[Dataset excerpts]
+===+

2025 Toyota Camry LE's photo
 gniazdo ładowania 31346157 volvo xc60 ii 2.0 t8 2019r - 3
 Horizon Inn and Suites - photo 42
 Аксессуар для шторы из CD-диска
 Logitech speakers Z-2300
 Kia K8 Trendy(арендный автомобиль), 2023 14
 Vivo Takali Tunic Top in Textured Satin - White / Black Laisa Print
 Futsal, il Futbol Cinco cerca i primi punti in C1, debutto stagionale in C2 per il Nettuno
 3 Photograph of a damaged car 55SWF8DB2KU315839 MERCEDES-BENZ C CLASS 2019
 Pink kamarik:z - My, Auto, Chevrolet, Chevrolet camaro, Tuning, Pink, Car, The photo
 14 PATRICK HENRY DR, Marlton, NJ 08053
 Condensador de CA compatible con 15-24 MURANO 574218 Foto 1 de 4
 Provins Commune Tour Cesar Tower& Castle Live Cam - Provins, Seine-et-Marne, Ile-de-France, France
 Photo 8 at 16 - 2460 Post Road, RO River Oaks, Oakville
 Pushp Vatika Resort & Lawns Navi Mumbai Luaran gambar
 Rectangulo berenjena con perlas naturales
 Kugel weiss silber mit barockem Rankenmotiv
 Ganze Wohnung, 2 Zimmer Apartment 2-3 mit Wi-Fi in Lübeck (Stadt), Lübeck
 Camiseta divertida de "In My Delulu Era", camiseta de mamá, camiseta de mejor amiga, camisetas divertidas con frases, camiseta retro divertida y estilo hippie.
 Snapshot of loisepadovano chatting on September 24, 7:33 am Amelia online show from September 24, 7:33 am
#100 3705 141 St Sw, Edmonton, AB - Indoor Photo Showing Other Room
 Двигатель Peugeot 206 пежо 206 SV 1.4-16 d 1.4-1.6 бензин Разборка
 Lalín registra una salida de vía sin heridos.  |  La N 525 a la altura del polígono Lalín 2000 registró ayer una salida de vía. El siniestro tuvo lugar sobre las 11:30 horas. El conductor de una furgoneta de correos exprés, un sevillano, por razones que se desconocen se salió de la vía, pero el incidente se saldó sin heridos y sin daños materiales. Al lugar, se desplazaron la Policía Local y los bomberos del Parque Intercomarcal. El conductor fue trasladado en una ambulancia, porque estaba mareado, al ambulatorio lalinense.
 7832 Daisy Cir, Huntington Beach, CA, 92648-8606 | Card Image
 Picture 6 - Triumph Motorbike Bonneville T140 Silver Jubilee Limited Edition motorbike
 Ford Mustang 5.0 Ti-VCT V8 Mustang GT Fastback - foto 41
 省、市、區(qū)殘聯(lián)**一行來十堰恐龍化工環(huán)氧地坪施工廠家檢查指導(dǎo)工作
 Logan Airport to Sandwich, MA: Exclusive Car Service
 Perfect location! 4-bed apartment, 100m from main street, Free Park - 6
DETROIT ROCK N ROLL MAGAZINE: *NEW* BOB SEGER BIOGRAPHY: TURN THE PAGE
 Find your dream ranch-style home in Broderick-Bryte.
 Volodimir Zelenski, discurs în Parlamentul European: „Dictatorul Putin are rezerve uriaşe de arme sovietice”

+===+

Exercise aim – Go through the data above and return each line containing the string "from".

Solution below –
 Snapshot of loisepadovano chatting on September 24, 7:33 am Amelia online show from September 24, 7:33 am
 Perfect location! 4-bed apartment, 100m from main street, Free Park - 6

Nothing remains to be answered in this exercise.